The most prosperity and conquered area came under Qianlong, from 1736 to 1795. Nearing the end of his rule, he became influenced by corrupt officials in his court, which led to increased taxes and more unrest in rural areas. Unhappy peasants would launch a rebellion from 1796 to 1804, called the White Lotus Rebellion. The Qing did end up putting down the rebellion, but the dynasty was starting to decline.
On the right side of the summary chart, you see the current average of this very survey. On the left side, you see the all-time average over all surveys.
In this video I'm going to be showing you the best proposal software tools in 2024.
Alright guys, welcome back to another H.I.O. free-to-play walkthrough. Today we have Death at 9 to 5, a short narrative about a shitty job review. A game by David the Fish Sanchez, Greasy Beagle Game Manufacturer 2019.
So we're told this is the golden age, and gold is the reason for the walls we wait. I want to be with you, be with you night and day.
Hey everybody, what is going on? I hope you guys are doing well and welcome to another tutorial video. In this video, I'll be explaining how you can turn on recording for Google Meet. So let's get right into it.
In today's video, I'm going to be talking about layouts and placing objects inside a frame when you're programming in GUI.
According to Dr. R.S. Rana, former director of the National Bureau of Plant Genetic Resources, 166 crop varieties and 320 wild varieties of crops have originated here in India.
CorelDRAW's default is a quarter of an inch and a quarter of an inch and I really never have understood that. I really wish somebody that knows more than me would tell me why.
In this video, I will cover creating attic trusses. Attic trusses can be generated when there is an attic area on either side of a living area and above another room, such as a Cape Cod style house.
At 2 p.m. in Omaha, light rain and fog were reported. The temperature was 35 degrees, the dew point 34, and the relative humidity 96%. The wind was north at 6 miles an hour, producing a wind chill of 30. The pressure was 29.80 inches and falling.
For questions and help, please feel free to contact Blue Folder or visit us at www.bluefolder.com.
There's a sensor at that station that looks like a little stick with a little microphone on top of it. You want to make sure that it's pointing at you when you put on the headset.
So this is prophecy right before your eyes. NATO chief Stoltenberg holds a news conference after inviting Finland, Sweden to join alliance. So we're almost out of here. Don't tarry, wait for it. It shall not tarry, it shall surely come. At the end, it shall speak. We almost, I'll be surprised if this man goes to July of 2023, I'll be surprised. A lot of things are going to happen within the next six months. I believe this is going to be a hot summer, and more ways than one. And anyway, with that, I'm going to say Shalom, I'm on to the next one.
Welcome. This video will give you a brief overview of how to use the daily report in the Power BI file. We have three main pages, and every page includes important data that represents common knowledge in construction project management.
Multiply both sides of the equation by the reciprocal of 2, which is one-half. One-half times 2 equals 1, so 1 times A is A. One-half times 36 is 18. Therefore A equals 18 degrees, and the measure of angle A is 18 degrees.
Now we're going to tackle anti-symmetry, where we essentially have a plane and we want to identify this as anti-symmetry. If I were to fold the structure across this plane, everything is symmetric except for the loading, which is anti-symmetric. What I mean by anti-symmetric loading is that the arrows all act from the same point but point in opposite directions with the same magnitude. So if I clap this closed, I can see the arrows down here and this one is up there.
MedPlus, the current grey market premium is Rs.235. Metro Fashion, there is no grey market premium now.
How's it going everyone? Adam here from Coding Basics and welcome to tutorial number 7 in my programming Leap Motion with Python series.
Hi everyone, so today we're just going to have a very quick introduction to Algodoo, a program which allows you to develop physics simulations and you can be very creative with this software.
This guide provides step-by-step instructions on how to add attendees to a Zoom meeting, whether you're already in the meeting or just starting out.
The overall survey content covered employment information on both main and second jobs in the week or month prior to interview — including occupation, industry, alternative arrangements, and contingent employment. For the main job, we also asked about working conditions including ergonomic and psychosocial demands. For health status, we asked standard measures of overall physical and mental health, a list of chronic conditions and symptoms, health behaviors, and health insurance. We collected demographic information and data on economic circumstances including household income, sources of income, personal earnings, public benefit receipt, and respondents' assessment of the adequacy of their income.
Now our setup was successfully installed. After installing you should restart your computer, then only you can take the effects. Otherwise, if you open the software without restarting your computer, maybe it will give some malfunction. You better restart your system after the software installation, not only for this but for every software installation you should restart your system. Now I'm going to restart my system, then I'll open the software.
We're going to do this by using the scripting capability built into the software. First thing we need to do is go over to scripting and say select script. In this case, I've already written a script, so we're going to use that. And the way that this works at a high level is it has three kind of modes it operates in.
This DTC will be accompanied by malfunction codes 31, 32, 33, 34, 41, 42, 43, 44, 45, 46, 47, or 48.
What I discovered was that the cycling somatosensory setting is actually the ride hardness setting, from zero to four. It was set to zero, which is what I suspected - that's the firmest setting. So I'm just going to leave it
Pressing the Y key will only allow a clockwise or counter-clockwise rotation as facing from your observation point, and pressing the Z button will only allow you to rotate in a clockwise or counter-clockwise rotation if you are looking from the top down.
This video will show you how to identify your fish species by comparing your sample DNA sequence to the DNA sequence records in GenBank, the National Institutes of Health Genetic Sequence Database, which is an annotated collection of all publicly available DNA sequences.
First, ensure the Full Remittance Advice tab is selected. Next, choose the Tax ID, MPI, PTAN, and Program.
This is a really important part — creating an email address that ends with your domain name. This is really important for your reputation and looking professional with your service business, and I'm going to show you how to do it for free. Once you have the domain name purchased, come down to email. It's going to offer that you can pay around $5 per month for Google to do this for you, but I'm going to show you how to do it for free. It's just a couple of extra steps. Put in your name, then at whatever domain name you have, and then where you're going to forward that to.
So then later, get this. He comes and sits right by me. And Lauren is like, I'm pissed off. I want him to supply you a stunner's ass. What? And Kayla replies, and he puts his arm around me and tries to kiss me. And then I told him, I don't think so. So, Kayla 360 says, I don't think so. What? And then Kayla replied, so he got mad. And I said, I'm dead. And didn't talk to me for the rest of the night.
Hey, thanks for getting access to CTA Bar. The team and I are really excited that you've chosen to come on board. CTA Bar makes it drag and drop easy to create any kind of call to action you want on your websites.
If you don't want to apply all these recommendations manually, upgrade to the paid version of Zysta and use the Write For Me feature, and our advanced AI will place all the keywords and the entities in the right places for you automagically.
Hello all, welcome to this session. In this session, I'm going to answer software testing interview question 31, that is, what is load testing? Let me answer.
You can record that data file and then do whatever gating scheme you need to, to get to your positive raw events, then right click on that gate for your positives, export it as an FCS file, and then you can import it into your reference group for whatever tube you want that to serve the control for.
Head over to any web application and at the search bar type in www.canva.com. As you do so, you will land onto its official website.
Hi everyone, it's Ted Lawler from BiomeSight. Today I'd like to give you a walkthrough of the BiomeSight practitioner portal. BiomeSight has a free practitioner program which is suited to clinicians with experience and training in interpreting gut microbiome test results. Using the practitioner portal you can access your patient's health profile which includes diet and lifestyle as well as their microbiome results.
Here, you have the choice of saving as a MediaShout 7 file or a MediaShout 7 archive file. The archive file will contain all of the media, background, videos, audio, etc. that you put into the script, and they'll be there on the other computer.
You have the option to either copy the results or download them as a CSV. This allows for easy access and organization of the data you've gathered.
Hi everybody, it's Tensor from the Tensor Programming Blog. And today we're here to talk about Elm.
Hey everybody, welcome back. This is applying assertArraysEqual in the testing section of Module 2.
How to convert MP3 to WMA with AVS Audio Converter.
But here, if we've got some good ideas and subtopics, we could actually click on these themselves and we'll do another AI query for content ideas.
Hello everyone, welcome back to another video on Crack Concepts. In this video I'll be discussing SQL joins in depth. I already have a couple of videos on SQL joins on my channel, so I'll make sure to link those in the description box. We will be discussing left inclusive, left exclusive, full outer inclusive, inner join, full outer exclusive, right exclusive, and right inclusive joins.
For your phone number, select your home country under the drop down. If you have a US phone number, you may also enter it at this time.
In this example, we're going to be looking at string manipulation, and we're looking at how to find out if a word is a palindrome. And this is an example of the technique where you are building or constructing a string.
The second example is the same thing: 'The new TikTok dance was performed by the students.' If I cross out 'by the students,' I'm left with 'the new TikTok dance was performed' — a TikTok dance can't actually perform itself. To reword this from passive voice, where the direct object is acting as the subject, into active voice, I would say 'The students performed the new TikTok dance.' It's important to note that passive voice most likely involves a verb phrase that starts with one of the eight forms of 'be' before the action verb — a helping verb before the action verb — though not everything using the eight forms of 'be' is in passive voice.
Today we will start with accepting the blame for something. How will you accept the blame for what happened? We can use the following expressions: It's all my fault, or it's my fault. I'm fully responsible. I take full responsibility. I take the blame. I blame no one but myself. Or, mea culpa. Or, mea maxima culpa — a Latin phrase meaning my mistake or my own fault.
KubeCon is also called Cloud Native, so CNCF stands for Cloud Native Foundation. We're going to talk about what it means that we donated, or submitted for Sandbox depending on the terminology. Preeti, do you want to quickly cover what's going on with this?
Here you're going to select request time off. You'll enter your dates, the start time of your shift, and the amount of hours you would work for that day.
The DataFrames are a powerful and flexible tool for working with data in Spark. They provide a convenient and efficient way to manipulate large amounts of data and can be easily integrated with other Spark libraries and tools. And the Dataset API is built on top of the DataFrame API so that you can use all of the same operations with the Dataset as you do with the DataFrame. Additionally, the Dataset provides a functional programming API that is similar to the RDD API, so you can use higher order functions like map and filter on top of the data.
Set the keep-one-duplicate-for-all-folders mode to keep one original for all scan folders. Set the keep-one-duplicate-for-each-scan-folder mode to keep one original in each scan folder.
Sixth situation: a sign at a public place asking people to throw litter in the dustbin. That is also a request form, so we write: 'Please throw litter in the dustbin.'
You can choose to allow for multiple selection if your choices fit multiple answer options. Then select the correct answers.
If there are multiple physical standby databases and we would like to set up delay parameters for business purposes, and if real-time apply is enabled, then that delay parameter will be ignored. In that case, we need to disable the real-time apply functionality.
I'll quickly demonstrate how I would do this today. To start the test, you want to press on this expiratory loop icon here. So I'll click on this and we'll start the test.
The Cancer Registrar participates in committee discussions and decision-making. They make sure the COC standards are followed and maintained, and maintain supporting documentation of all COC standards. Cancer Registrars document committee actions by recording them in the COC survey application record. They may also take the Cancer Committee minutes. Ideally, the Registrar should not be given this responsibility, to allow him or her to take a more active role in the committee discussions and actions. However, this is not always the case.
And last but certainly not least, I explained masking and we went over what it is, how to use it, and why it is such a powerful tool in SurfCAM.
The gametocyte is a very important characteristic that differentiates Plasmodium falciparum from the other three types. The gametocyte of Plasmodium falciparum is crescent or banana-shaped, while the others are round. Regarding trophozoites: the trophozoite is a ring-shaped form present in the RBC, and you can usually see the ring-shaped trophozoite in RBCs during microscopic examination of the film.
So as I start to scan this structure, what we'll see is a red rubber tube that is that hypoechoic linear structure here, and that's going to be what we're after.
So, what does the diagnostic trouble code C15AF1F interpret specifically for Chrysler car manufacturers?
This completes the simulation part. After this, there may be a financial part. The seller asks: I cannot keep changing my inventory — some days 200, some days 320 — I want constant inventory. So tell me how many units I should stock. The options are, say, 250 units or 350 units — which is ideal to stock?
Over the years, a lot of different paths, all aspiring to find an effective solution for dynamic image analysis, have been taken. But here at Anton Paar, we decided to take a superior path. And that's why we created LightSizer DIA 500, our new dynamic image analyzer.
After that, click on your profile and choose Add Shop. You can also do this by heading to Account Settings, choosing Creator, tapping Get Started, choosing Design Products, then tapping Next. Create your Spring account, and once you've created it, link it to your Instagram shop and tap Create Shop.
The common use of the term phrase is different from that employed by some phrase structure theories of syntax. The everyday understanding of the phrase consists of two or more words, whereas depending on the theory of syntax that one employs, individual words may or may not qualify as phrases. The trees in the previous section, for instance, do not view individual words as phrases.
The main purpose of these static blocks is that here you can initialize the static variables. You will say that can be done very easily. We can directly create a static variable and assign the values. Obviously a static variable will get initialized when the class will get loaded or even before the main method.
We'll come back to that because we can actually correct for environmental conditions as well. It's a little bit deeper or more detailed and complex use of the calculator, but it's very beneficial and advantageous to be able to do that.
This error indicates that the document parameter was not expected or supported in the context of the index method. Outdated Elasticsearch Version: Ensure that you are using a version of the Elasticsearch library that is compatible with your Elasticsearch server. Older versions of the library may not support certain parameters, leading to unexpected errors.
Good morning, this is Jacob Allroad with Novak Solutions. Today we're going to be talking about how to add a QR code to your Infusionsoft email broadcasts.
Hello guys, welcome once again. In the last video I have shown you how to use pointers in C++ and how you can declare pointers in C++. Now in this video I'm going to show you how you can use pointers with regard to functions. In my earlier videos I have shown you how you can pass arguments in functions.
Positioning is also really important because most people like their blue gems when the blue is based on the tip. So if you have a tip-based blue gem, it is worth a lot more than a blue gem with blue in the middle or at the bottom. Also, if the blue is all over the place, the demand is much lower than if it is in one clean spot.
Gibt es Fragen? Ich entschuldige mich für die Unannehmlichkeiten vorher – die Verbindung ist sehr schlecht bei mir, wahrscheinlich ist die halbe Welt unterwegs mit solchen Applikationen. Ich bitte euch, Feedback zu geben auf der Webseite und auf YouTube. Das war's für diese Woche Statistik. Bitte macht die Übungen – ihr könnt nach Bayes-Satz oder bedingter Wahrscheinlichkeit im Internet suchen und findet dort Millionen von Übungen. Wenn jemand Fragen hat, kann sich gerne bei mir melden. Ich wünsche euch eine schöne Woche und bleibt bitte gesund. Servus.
________________
Note how many lines in the data above contain "enter", then state that number alone.

Solution
2